The Spy Who Loved Me (1977) Director: Lewis Gilbert
The Spy Who Loved Me is the tenth Eon James Bond film, the third and best of the Roger Moore Bond series. The title is derived from the Ian Fleming novel -apparently Fleming disliked this novel so much that he refused to release it to be made into a film so studio executives created a whole new plot, but kept the title. They also wanted to re-introduce the infamous Blofeld character, after the somewhat lackluster villains in the previous two Roger Moore Bond films, but, once again, they were unable to acquire the rights for Blofeld. The Spy Who Loved Me is the first James Bond film made solely with Albert “Cubby” Broccoli as the producer, after his falling out with Harry Saltzman. Previously, Saltzman and Broccoli were the dynamic duo who produced every prior James Bond film, overseeing the franchise from a small-budget novelty film into a massive blockbuster series.

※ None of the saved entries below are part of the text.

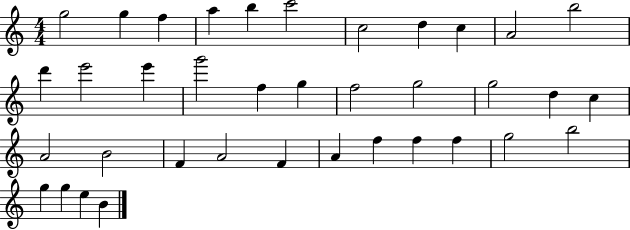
X:1
T:Untitled
M:4/4
L:1/4
K:C
g2 g f a b c'2 c2 d c A2 b2 d' e'2 e' g'2 f g f2 g2 g2 d c A2 B2 F A2 F A f f f g2 b2 g g e B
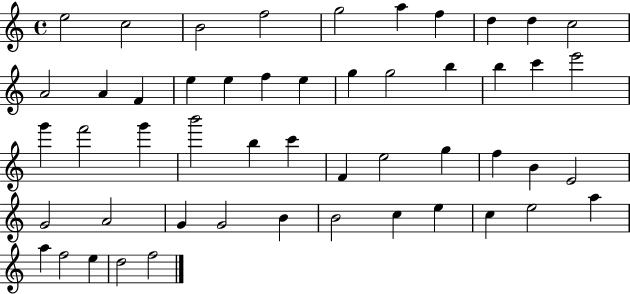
{
  \clef treble
  \time 4/4
  \defaultTimeSignature
  \key c \major
  e''2 c''2 | b'2 f''2 | g''2 a''4 f''4 | d''4 d''4 c''2 | \break a'2 a'4 f'4 | e''4 e''4 f''4 e''4 | g''4 g''2 b''4 | b''4 c'''4 e'''2 | \break g'''4 f'''2 g'''4 | b'''2 b''4 c'''4 | f'4 e''2 g''4 | f''4 b'4 e'2 | \break g'2 a'2 | g'4 g'2 b'4 | b'2 c''4 e''4 | c''4 e''2 a''4 | \break a''4 f''2 e''4 | d''2 f''2 | \bar "|."
}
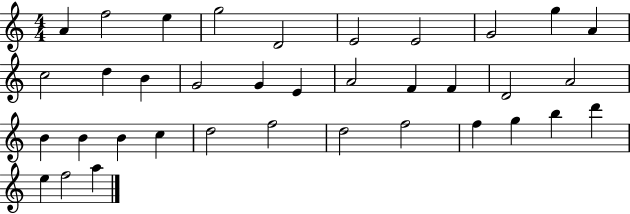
X:1
T:Untitled
M:4/4
L:1/4
K:C
A f2 e g2 D2 E2 E2 G2 g A c2 d B G2 G E A2 F F D2 A2 B B B c d2 f2 d2 f2 f g b d' e f2 a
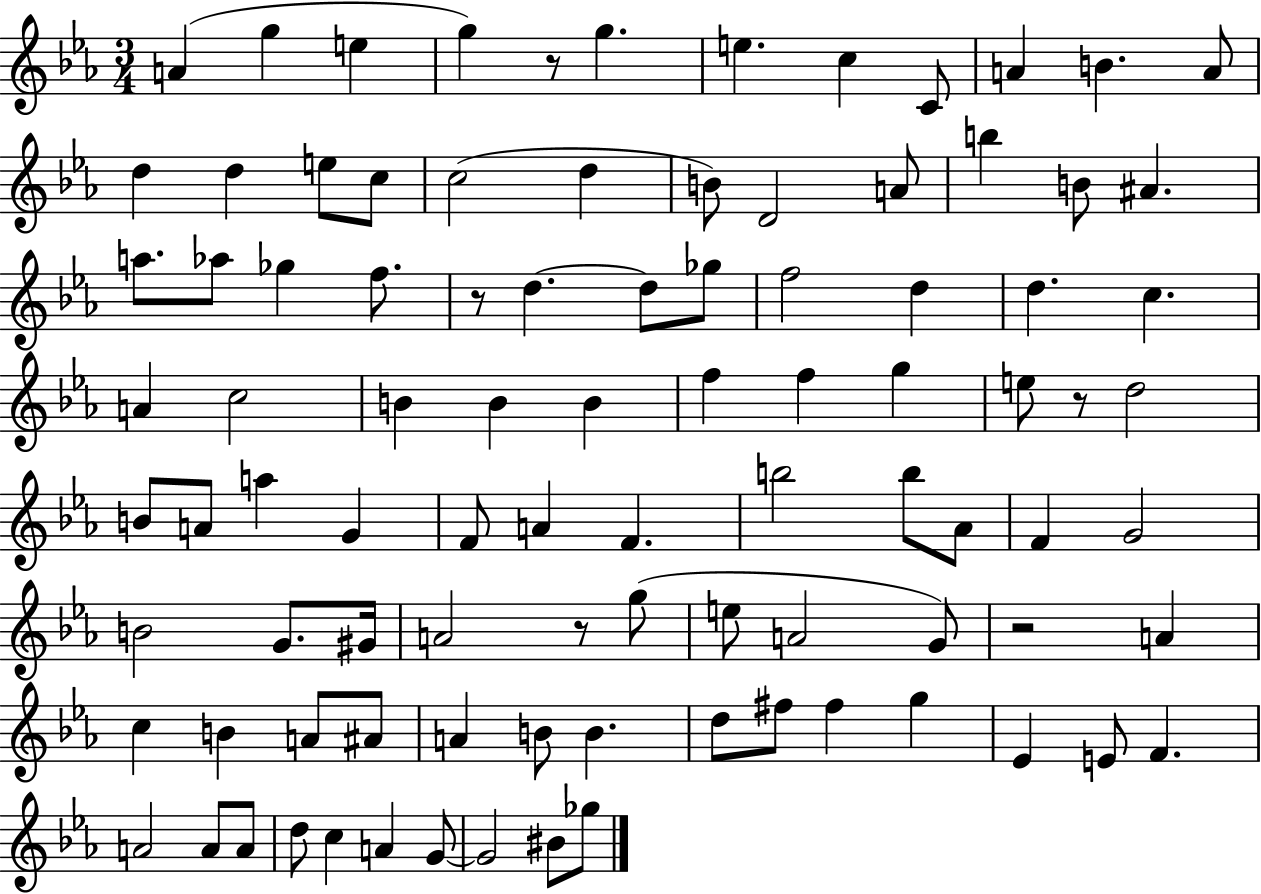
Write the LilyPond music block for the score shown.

{
  \clef treble
  \numericTimeSignature
  \time 3/4
  \key ees \major
  \repeat volta 2 { a'4( g''4 e''4 | g''4) r8 g''4. | e''4. c''4 c'8 | a'4 b'4. a'8 | \break d''4 d''4 e''8 c''8 | c''2( d''4 | b'8) d'2 a'8 | b''4 b'8 ais'4. | \break a''8. aes''8 ges''4 f''8. | r8 d''4.~~ d''8 ges''8 | f''2 d''4 | d''4. c''4. | \break a'4 c''2 | b'4 b'4 b'4 | f''4 f''4 g''4 | e''8 r8 d''2 | \break b'8 a'8 a''4 g'4 | f'8 a'4 f'4. | b''2 b''8 aes'8 | f'4 g'2 | \break b'2 g'8. gis'16 | a'2 r8 g''8( | e''8 a'2 g'8) | r2 a'4 | \break c''4 b'4 a'8 ais'8 | a'4 b'8 b'4. | d''8 fis''8 fis''4 g''4 | ees'4 e'8 f'4. | \break a'2 a'8 a'8 | d''8 c''4 a'4 g'8~~ | g'2 bis'8 ges''8 | } \bar "|."
}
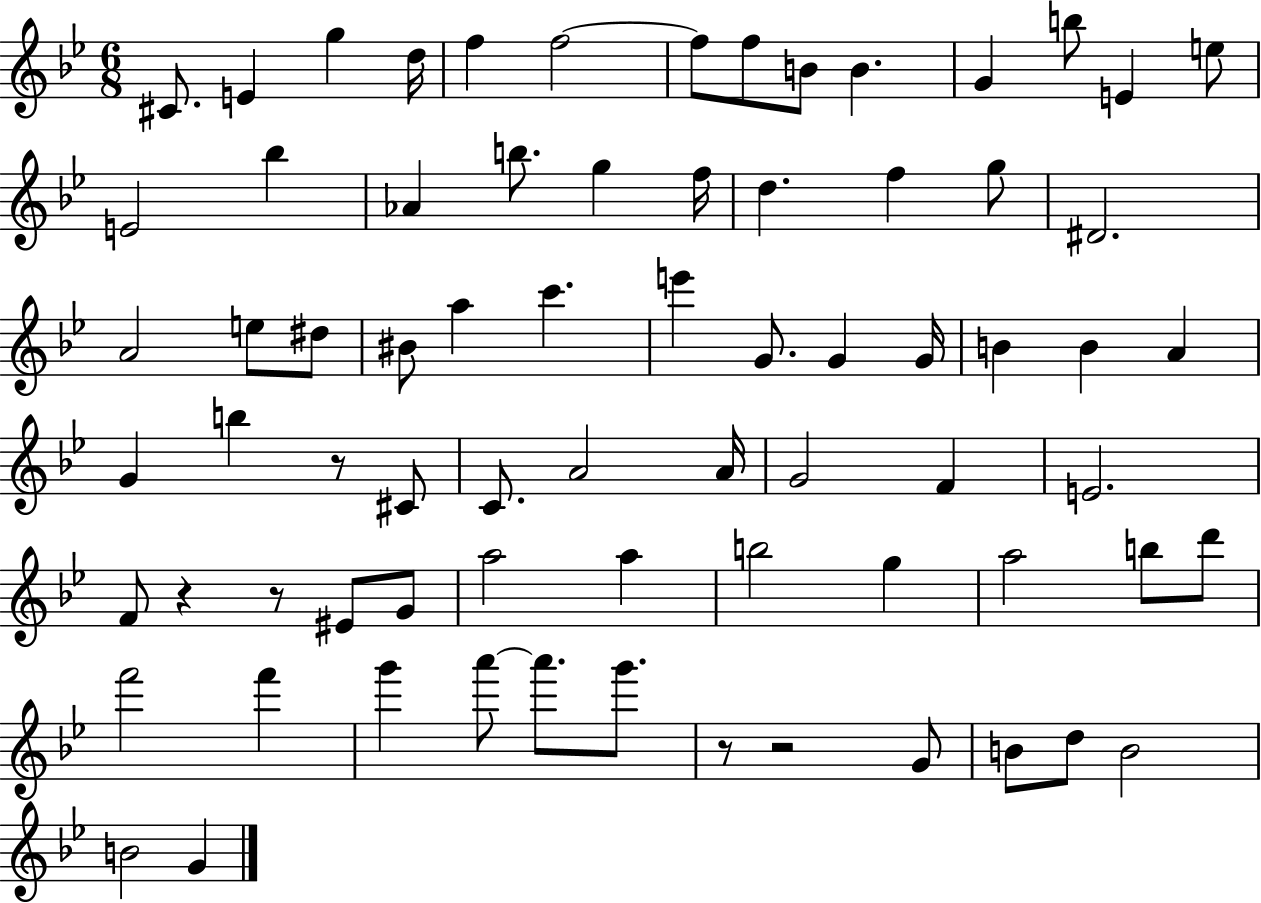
C#4/e. E4/q G5/q D5/s F5/q F5/h F5/e F5/e B4/e B4/q. G4/q B5/e E4/q E5/e E4/h Bb5/q Ab4/q B5/e. G5/q F5/s D5/q. F5/q G5/e D#4/h. A4/h E5/e D#5/e BIS4/e A5/q C6/q. E6/q G4/e. G4/q G4/s B4/q B4/q A4/q G4/q B5/q R/e C#4/e C4/e. A4/h A4/s G4/h F4/q E4/h. F4/e R/q R/e EIS4/e G4/e A5/h A5/q B5/h G5/q A5/h B5/e D6/e F6/h F6/q G6/q A6/e A6/e. G6/e. R/e R/h G4/e B4/e D5/e B4/h B4/h G4/q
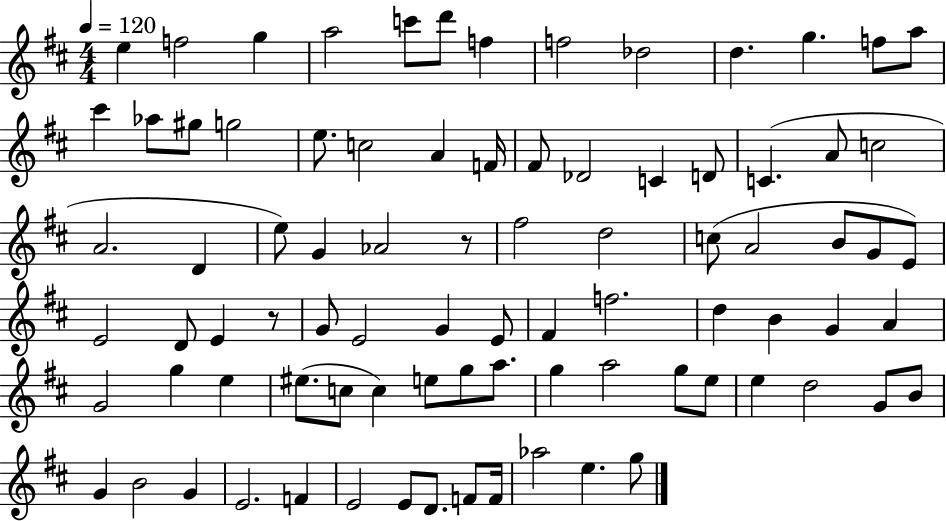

The Spy Who Loved Me opens with the mysterious disappearance of two submarines: one British and the other Soviet. The Soviets call up their best agent, Major Anya Amasova (a.k.a. Agent XXX, played by Barbara Bach -wife of Ringo Starr), and the British call up their best agent, James Bond (a.k.a. 007), who is predictably in bed with a woman in Austria, but when he gets the call he sports a vibrant yellow suit and starts skiing downhill away from a group of villains until he plunges off a massive cliff and opens a parachute revealing the British flag -the “Union Jack.” One of the skiing henchmen he kills is a rival agent -who turns out to be Amasova’s lover at the beginning of the film. Bond, then, travels to Egypt to seek out recently stolen microfilm plans for a highly advanced submarine tracking system, where he meets up with Amasova. The two reluctantly join forces, realizing they have mutually shared objectives in this case. Bond also encounters a massive henchman who is seemingly indestructible with steel teeth named Jaws (played by Richard Kiel -a 7 foot 2 inch tall man who struggled with gigantism all his life until his death in 2014. He also reprised the role of Jaws in Moonraker). Bond and Amasova encounter Jaws in a train scene that contains strong echoes of From Russia With Love.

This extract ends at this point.